Process Concerns When Navigating the Transition from Sustainment to Engineering Software-Reliant Systems

The Defense Innovation Board (DIB), a group of leading thinkers in the area of national security that advises the Department of Defense (DoD), recently gathered to discuss the issue of U.S. dominance in software. The resulting report noted that in this age of artificial intelligence and machine learning, with military systems that are increasingly networked and automated, the DoD’s ability to maintain superiority will be “directly linked to our ability to field and maintain software that is better, smarter, and more capable than our adversaries’ software.”

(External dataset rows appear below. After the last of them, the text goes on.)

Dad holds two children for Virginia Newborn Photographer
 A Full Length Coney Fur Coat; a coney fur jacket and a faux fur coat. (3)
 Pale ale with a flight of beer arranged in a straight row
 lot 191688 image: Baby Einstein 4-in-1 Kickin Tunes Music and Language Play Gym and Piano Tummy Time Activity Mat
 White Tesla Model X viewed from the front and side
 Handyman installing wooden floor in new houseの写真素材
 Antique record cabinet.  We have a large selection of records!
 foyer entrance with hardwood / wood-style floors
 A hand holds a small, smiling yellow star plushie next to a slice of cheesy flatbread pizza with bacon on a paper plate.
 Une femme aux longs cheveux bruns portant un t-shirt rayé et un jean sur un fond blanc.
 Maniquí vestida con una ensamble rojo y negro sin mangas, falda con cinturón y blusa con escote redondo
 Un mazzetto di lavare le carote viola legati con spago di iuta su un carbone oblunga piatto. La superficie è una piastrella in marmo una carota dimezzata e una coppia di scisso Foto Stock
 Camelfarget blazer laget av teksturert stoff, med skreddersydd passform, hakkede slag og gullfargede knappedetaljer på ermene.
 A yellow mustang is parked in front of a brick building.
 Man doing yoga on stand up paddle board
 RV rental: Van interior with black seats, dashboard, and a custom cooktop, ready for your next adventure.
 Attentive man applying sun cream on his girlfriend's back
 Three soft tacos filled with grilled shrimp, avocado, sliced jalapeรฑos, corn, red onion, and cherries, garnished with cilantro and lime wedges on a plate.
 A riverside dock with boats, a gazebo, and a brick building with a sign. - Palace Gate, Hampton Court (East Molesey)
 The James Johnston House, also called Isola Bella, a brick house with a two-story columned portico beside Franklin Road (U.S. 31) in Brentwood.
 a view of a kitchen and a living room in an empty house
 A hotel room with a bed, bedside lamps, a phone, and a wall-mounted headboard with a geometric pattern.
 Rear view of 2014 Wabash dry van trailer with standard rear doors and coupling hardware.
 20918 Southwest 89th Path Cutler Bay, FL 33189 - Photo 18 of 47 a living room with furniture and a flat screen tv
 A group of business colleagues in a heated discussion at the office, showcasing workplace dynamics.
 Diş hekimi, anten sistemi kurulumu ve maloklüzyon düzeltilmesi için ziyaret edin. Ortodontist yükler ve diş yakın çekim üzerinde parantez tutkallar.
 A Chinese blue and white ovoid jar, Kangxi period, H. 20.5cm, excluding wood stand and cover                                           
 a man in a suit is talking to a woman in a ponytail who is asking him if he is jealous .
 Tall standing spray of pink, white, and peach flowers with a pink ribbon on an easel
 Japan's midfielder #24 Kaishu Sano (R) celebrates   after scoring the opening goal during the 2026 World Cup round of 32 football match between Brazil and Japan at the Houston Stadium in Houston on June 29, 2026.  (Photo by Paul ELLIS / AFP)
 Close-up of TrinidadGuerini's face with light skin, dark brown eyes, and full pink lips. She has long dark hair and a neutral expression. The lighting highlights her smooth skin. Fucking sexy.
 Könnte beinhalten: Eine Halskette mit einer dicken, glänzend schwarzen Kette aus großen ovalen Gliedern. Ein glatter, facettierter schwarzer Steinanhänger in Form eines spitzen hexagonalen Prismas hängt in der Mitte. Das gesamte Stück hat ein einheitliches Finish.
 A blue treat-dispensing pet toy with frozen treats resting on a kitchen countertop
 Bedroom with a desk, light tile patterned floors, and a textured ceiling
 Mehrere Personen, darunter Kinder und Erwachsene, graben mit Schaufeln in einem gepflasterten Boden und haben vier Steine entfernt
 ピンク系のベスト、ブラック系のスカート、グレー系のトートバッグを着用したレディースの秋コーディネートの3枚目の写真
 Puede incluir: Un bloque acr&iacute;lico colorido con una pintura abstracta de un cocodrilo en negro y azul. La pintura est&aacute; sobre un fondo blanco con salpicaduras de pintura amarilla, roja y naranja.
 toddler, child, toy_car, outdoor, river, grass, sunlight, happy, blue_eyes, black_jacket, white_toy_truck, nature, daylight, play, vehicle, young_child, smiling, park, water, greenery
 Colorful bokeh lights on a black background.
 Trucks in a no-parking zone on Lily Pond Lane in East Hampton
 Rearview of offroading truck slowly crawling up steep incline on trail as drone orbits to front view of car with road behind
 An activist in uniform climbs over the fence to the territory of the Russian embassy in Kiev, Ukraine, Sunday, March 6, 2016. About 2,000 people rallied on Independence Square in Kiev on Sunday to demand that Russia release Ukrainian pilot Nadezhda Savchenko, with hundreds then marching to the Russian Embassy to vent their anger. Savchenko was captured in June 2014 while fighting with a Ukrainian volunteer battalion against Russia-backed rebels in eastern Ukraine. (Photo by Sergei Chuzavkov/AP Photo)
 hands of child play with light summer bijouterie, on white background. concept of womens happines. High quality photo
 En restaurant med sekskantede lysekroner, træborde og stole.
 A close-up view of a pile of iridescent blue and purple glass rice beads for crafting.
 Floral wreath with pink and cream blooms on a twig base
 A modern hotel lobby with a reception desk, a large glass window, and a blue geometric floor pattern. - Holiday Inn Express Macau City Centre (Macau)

In our work with federal programs, we have observed that organic software sustainment organizations are increasingly tasked with engineering and developing the software capabilities of acquisition systems. In other words, organic software sustainment is expanding beyond its traditional purview of software maintenance and repair into software engineering and development. Our initial post gave an overview of the issues that the DoD should address to make this transition successful. This post explores process concerns and provides recommendations for supporting teams transitioning from software sustainment to engineering.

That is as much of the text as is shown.